Problem description: Apart from the images, the records below need to be copied exactly.

Data in this exercise:

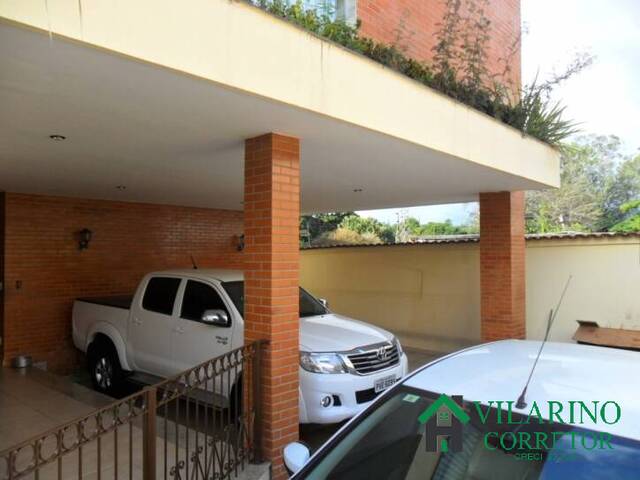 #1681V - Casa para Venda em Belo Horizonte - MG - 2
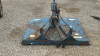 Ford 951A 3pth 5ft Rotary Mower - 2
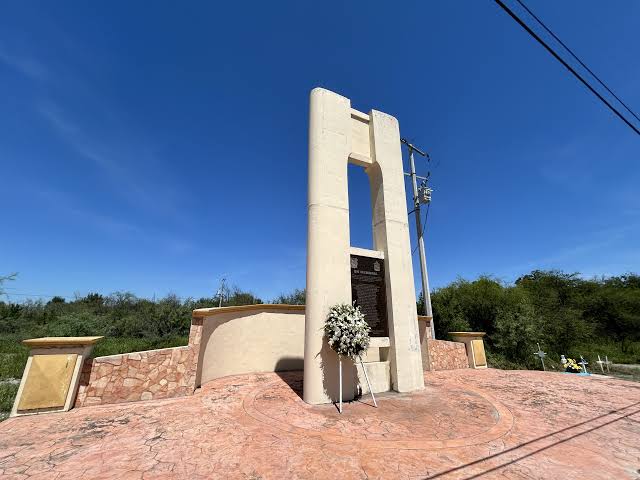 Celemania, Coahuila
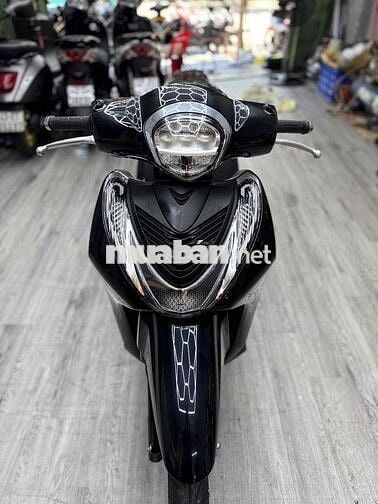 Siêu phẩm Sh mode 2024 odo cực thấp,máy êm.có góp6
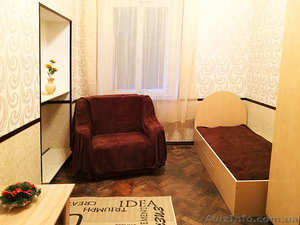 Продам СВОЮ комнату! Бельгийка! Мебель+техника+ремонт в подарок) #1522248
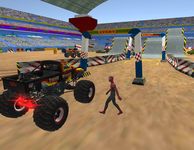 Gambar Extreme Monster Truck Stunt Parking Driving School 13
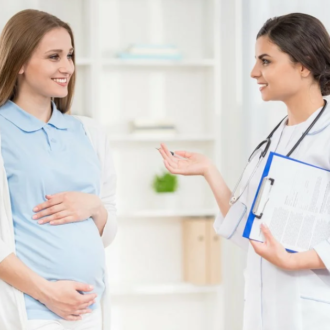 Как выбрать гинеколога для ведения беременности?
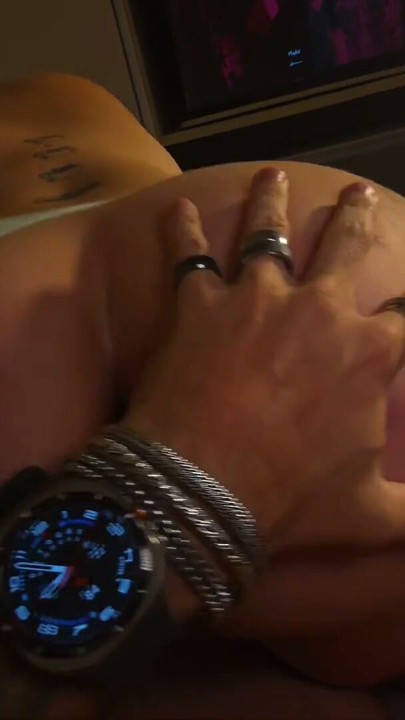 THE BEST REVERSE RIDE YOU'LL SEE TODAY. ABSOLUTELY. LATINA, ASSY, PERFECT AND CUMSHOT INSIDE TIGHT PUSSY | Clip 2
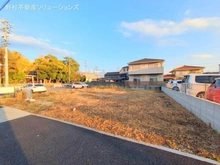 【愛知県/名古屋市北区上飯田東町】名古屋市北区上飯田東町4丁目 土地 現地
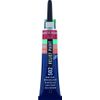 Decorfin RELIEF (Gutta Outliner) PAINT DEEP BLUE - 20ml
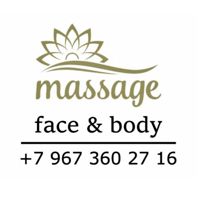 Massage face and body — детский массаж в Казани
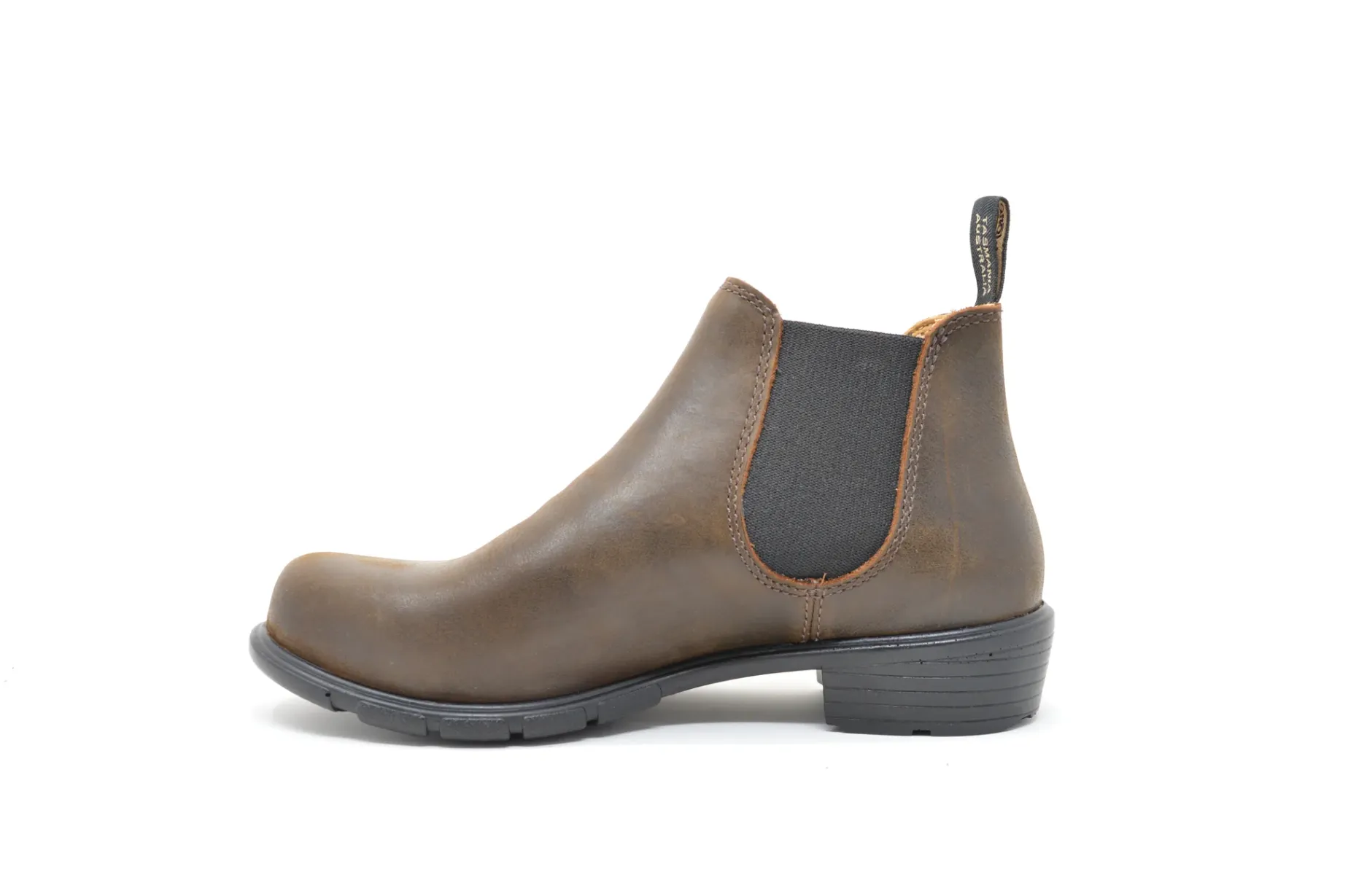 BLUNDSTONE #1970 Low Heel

Exercise result:
 #1681V - Casa para Venda em Belo Horizonte - MG - 2
 Ford 951A 3pth 5ft Rotary Mower - 2
 Celemania, Coahuila
 Siêu phẩm Sh mode 2024 odo cực thấp,máy êm.có góp6
 Продам СВОЮ комнату! Бельгийка! Мебель+техника+ремонт в подарок) #1522248
 Gambar Extreme Monster Truck Stunt Parking Driving School 13
 Как выбрать гинеколога для ведения беременности?
 THE BEST REVERSE RIDE YOU'LL SEE TODAY. ABSOLUTELY. LATINA, ASSY, PERFECT AND CUMSHOT INSIDE TIGHT PUSSY | Clip 2
 【愛知県/名古屋市北区上飯田東町】名古屋市北区上飯田東町4丁目 土地 現地
 Decorfin RELIEF (Gutta Outliner) PAINT DEEP BLUE - 20ml
 Massage face and body — детский массаж в Казани
 BLUNDSTONE #1970 Low Heel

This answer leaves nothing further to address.